***** PROVIDED INFORMATION *****
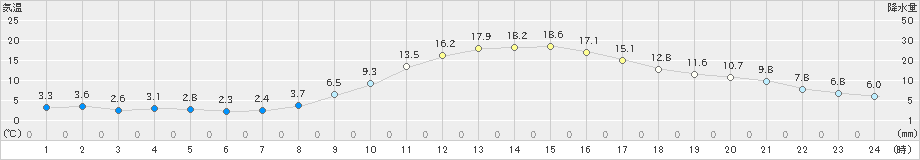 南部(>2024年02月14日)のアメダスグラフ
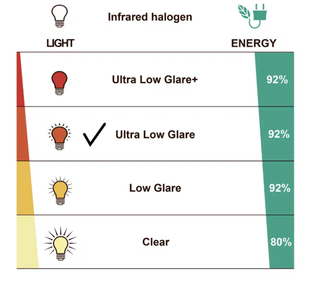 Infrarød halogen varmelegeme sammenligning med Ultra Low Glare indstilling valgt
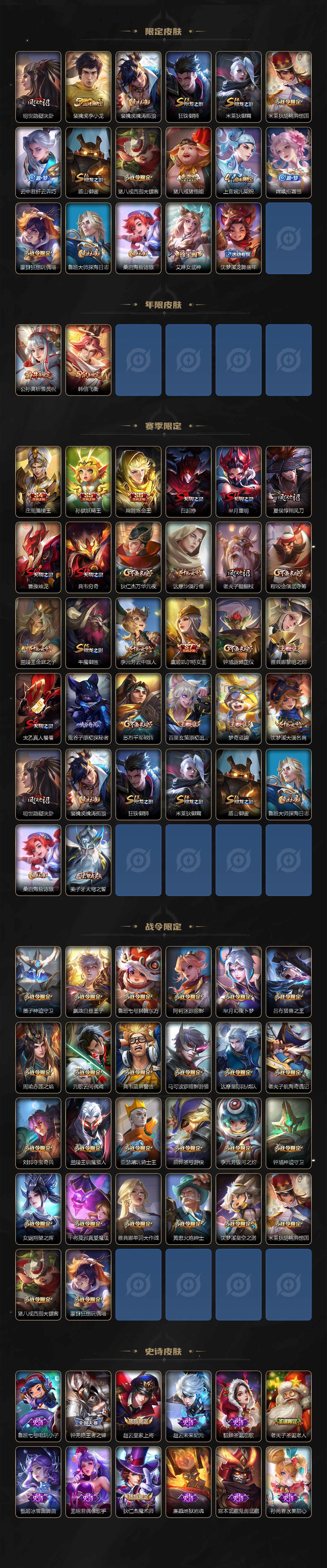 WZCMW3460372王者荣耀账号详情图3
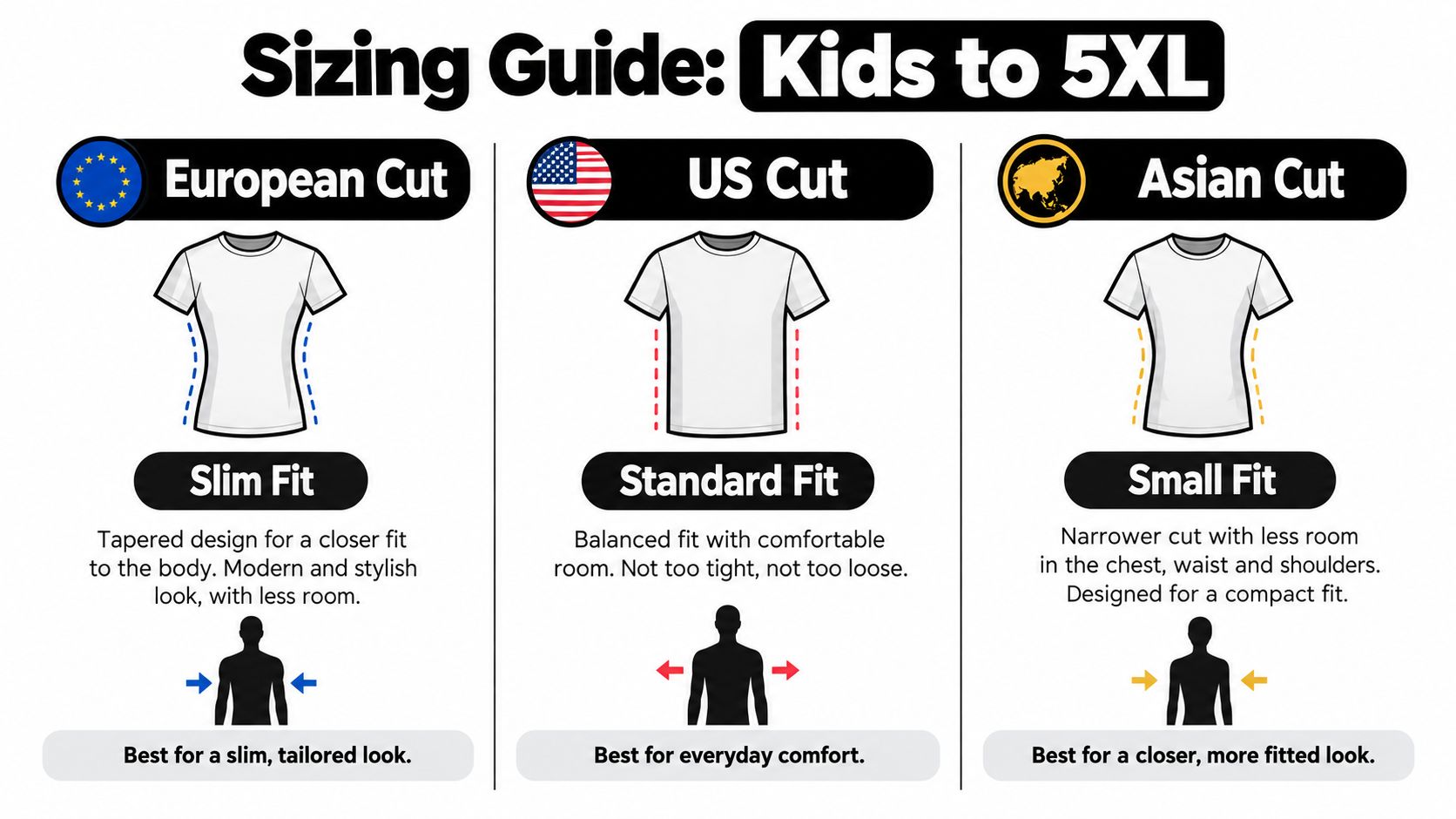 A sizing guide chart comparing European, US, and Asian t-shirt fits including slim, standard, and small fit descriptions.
*****
***** PROVIDED INFORMATION *****
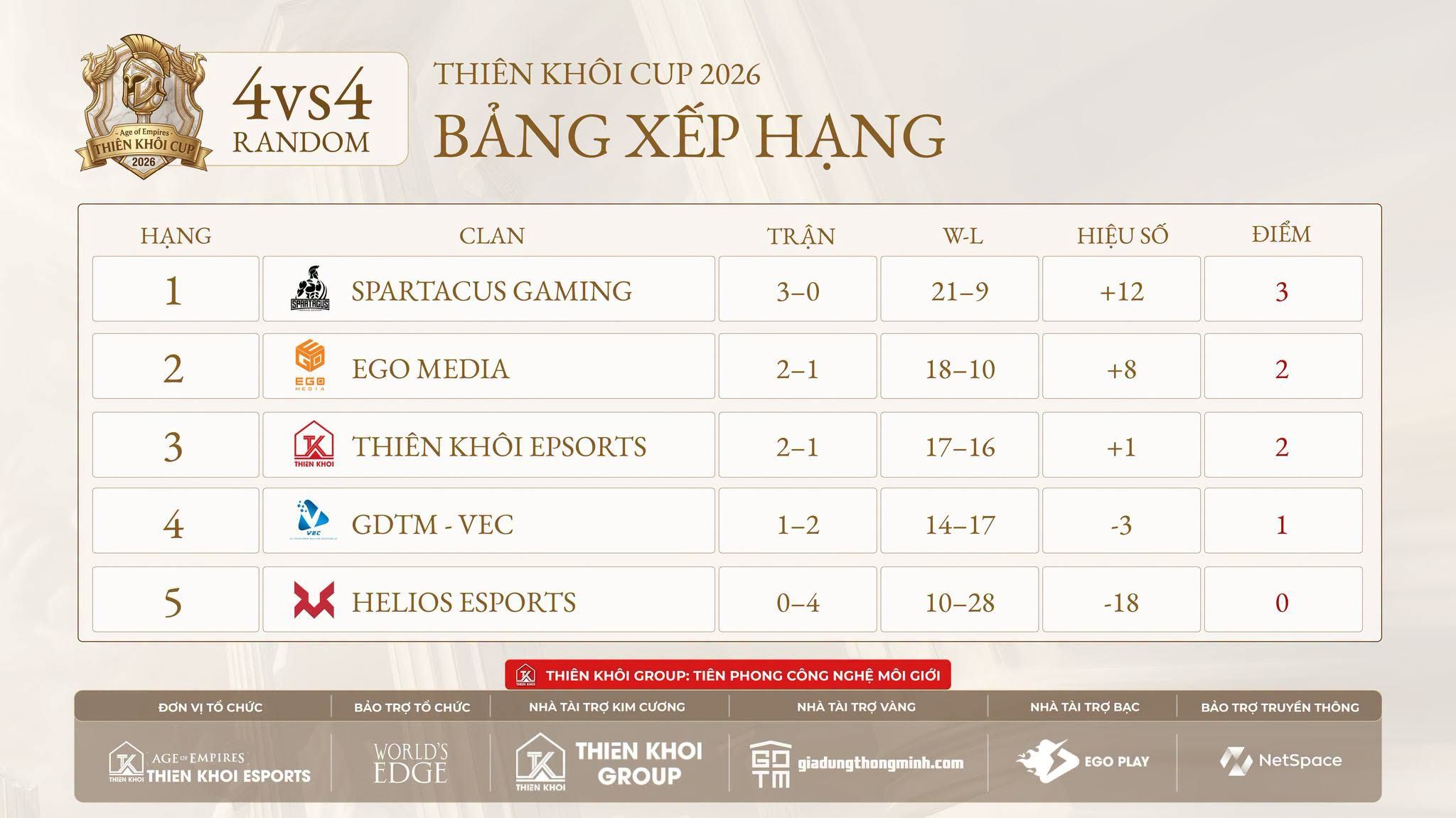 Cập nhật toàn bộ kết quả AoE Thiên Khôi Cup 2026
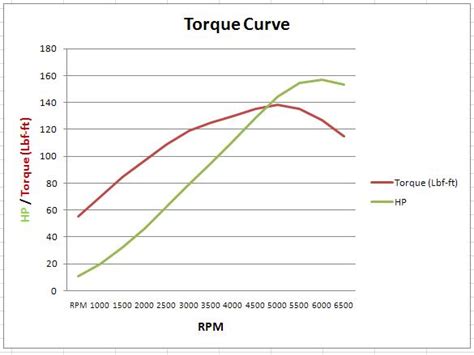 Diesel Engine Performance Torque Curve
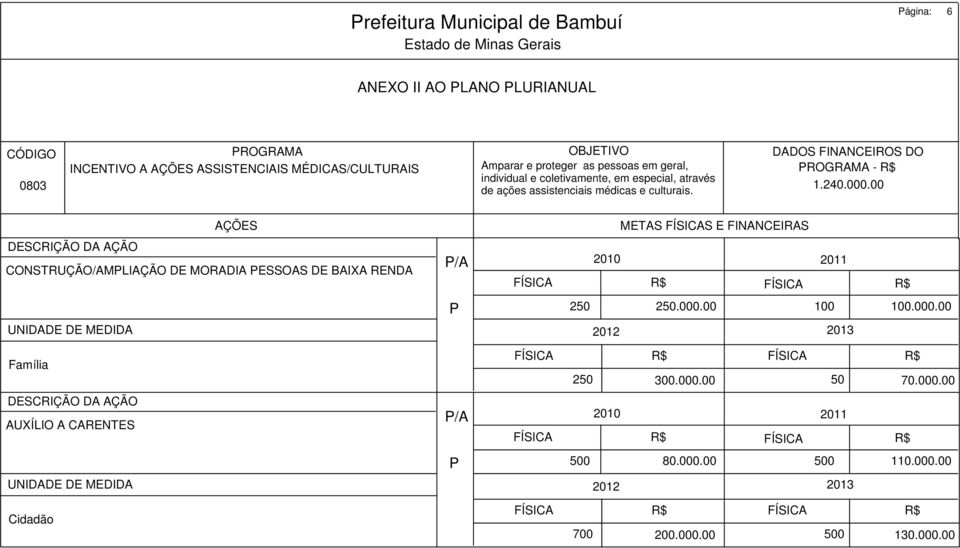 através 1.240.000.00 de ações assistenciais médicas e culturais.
*****
***** PROVIDED INFORMATION *****
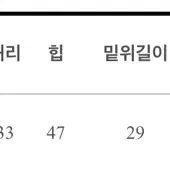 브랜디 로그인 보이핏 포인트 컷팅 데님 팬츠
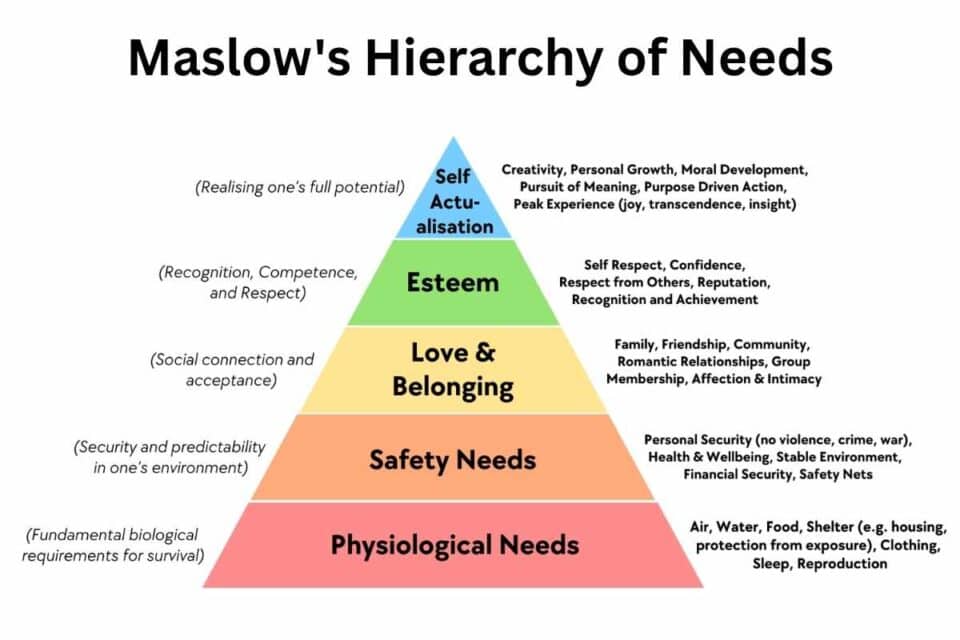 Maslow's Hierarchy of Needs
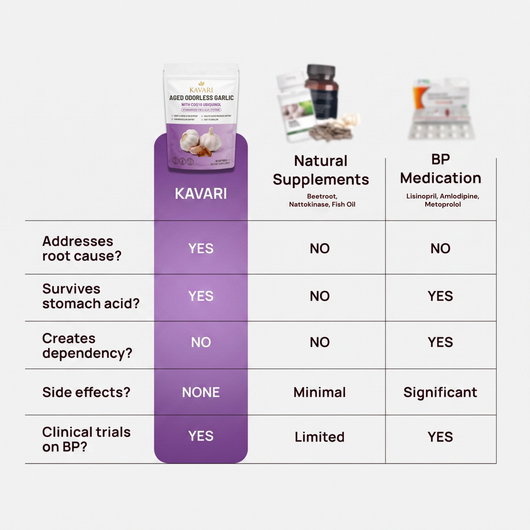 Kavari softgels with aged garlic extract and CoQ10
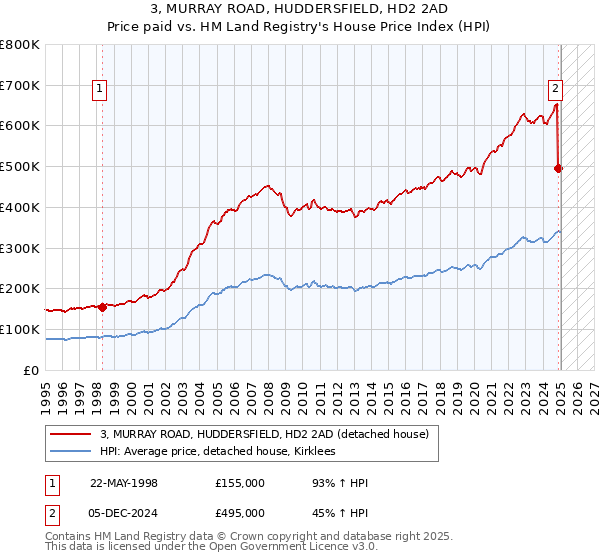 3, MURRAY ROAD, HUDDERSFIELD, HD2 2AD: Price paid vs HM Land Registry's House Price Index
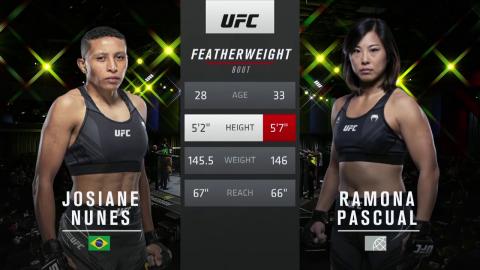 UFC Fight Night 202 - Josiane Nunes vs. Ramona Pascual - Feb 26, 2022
*****
## ACTION ITEM
Using the data above, retype exactly the lines from the line with "Diesel Engine Performance Torque Curve" to the line with "através 1.240.000.00 de", inclusive. No pictures and nothing else.

## THE ANSWER
 Diesel Engine Performance Torque Curve
 através 1.240.000.00 de ações assistenciais médicas e culturais.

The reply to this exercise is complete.